On her arrival at the school she runs into Oggie (Norman Ogden) her good natured boss, who asks her to his office. It appears she has to “babysit” new employee Joe Blackthorn as he is still awaiting his DBS (a certificate needed to allow teachers to work with). He’s not exactly Mr Chatty and seems quiet with her, yet gets involved in conversation with dance tutor Madie, then Fern, who helps him use to apply for his DBS. Despite herself, Georgine is rather put out. Yet somehow she’s also starting to quite like him. Thing is, he’s a bit familiar – and yes, there’s a reason for that.
As with all Moorcroft’s book, her B story tends to examine a relevant social issue – one that is current and important.
In this one, we have Georgine struggling financially and with anxiety, as her ex Aidan who got her in trouble won’t get involved with dealing with the debt collectors. It’s made worse by the fact her sister Blair throws away money like empty chocolate wrappers. At the same time, Joe is trying to get away from his past and two alcoholic parents and a youth spent living in a tough estate.
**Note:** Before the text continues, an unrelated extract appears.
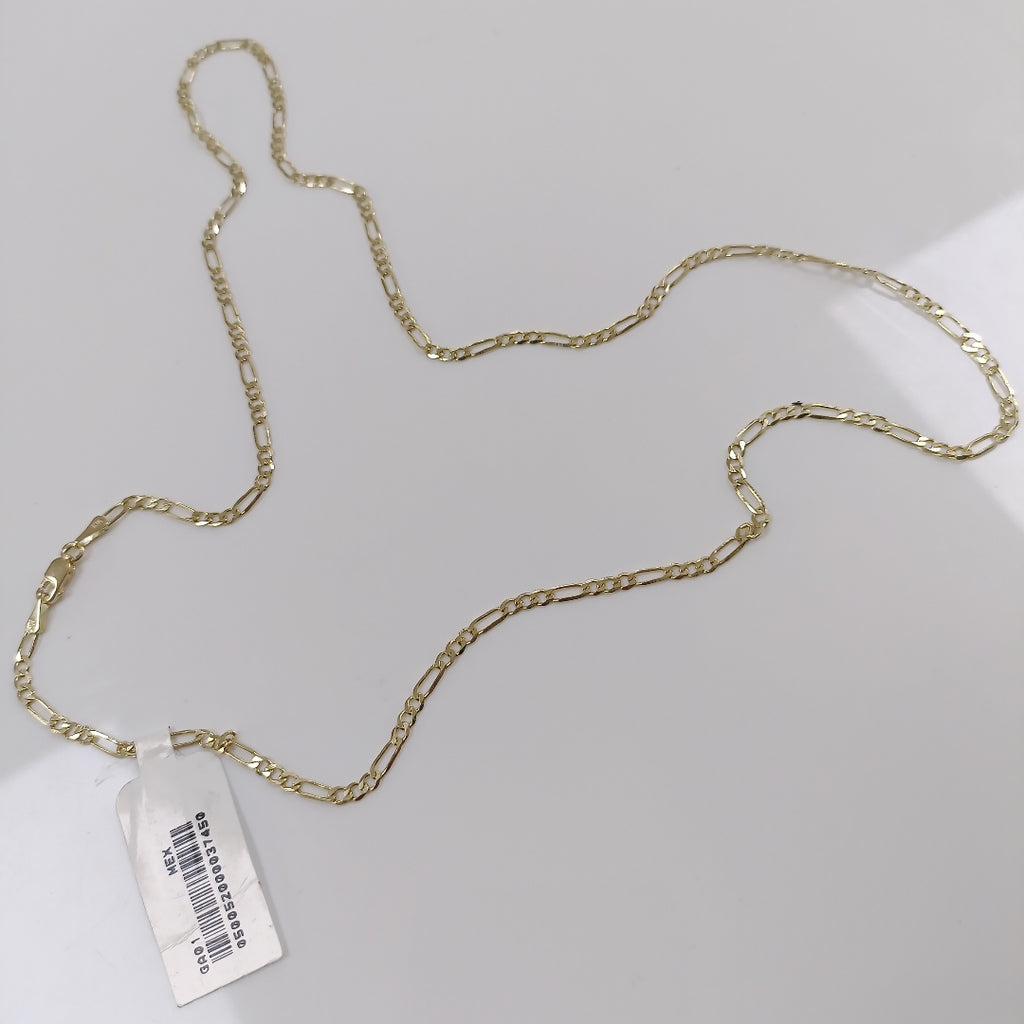 CADENA 3X1 10K 55 CM 4.2 GR (NUEVO)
Despite showing these harsh realities, Moorcroft also portrays the unexpected kindness that people can show, and how good a lot of people really can be. The Angel Comminity Cafe from a previous book is also blooming and it feels so warm, cosy and Christmassy you can almost smell chocolate, gingerbread and other culinary delights.
As for the book itself, this is pure Christmas delight, filled with humour, emotional characters, revelations and yes a HEA for those who regularly read romance.
I’m also pretty sure we might meet a Grandma Patty next year in USA. And other characters in Middledip.